Like California’s voting laws, Georgia law allows unhoused people to register to vote if they don’t have a traditional address. They have the option of listing a place they regularly stay — including a shelter or church — as their voting address.
Khait and Garcia also claim that there are 96 people registered to vote at an Atlanta-area UPS Store. While they are correct that voters are not allowed to use a P.O. Box as their home address, there are some nuances they are ignoring.
In 2024, Georgia passed a new voting law that no longer allowed voters to use P.O. Boxes, or other nonresidential addresses, to confirm residency and made it easier for any citizen to challenge a voter’s eligibility for any reason.
But just because some voters still list P.O. Boxes does not mean they are engaged in fraud.

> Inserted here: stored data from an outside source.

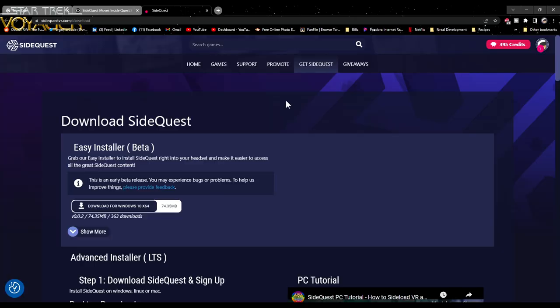In order to get this set up, we need to do a few things first. We need to head over to SideQuestVR.com slash download, or just SideQuestVR.com and then use the Get SideQuest tab here. Once you get onto this page, you will see download SideQuest, the Easy Installer beta. This is the file that you're gonna want to grab to make the magic happen.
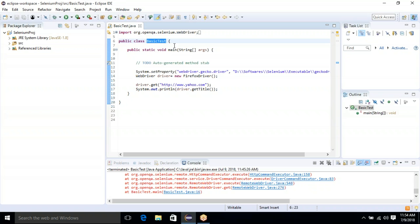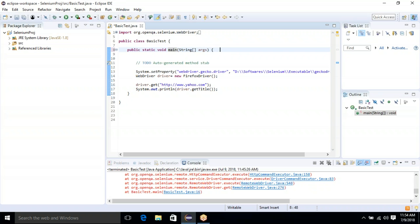Now there is a method called the main method. 'main' is a keyword in Java. A method, also called a function, is basically a set of statements and can have zero or more parameters. How do you identify a function? If you see parentheses with some word or keyword, it becomes a function. For example, after 'main' there is an opening and closing parenthesis — whatever is inside is called the parameter.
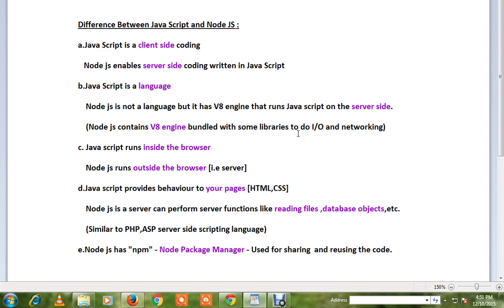JavaScript runs inside the browser; Node.js runs outside the browser. JavaScript provides behavior to your pages and takes care of the front-end, whereas Node.js takes care of the server-side.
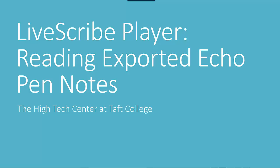In this video we will demonstrate how to use the Livescribe player to listen to notes that have been exported from the Echo desktop software.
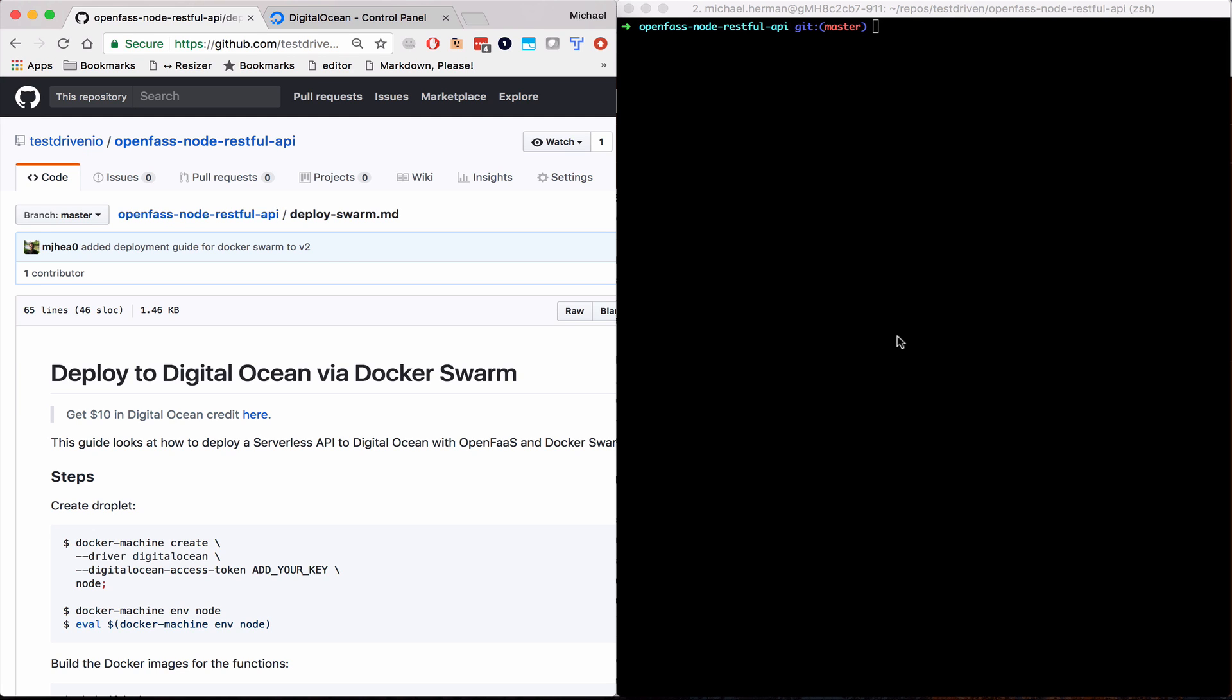Alright, so in this video we're going to look at how to deploy a serverless API to DigitalOcean with OpenFaaS and Docker Swarm.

To vote, they would still need to confirm a legitimate residential address or — if they truly had no place they regularly stayed — they would need to register at the local courthouse.
And if the people registered to P.O. Boxes didn’t vote, the process of removing them from the voter rolls could still take years.
Political sensationalism
Barrett, the Fulton County commissioner, says videos like Khait and Garcia’s are blowing cases like these out of proportion.
“I think the sensationalism of what they’re doing misses the fact that, even if some people have the wrong address, the percentage of people we’re talking about, in the grand scheme of things, still would not have affected the outcome of the 2020 election, or any other election,” she said.
Barrett said that the new law has made it especially difficult for vulnerable populations — like the unhoused — to maintain their voting rights because it’s easier for bad-faith actors to file mass challenges of voters’ registrations.
“It’s an excuse for their McCarthyism-esque attempts to file thousands upon thousands upon thousands of voter challenges against people whose voter registration is completely legitimate,” Barrett said.
In the last election cycle in Georgia, Barrett recalled numerous stories about voters who needed to go to their local elections board to defend their voter registration, but couldn’t get there because they were elderly, disabled or and didn’t access to transportation. If a voter does not respond to a challenge to their registration, they are removed from the rolls.
“Because the rules in Georgia have been changed to allow [any] citizens to report voter challenges, we have set ourselves up for these kinds of viral videos that just are really being done as an excuse to kick more people legitimately off the rolls,” Barrett said. “And that’s the real danger.”